José Orozco murals at Baker Library, Dartmouth College
Part of José Orozco Mural at Baker College Dartmouth Library, Table XIV / The New Migration of the Soul
José Clemente Orozco was a Mexican cartoonist and painter. Who specialized in political murals. He founded the Mexican Mural Renaissance with murals by Diego Rivera, David Alfaro Siqueiros and others. Orozco was Mexico's most sophisticated mural painter and was interested in the subject of human suffering. This artist was mostly influenced by symbolism and also did lithographic works.
Between 1922 and 1948, Orozco painted several murals in Mexico City, Orizaba, Clarmont, California, New York, Hanover, New Hampshire, Guadalajara, Jalisco, and Jekyll-Alpan, Michoacán. His drawings and paintings are on display at the Carillo Gill Museum in Mexico City and the Orozco Workshop Museum in Guadalajara. Orozco was known as a politically committed artist who promoted the political issues of the peasants and workers.

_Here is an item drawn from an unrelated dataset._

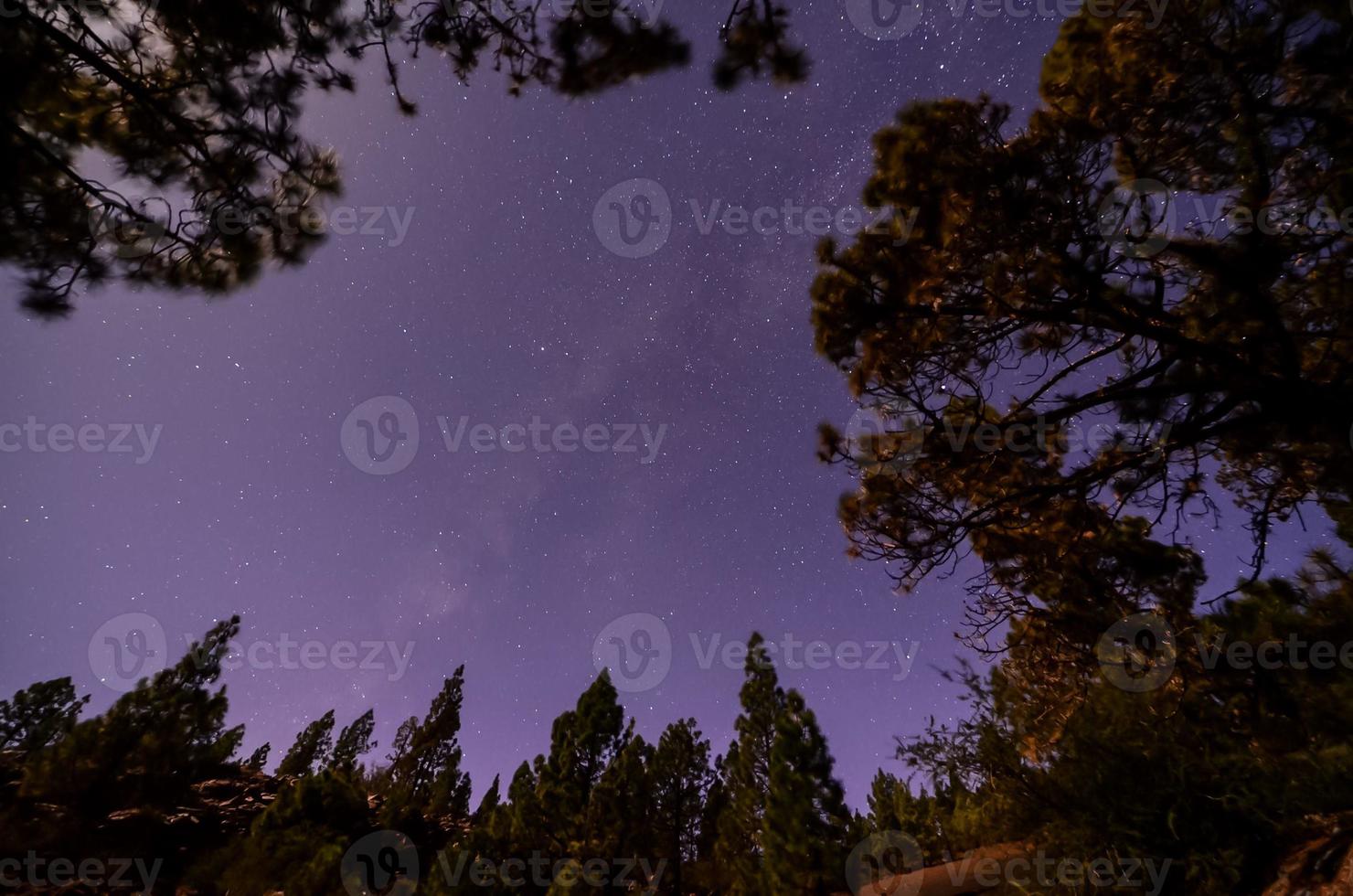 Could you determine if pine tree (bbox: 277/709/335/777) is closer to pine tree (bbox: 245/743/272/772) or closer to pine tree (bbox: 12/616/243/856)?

In the Baker Library at Dartmouth College, he created a vast glimpse of the history of the American continent, beginning with Catsal Quatel (the Margon god and feather of the Aztecs and Toltecs) and continuing with the arrival of the Spaniards in the United States and the establishment of the Catholic Church; And it ends with the self-destruction of the age of the machine, culminating in the crushing of a large Byzantine statue of Christ crucifying itself.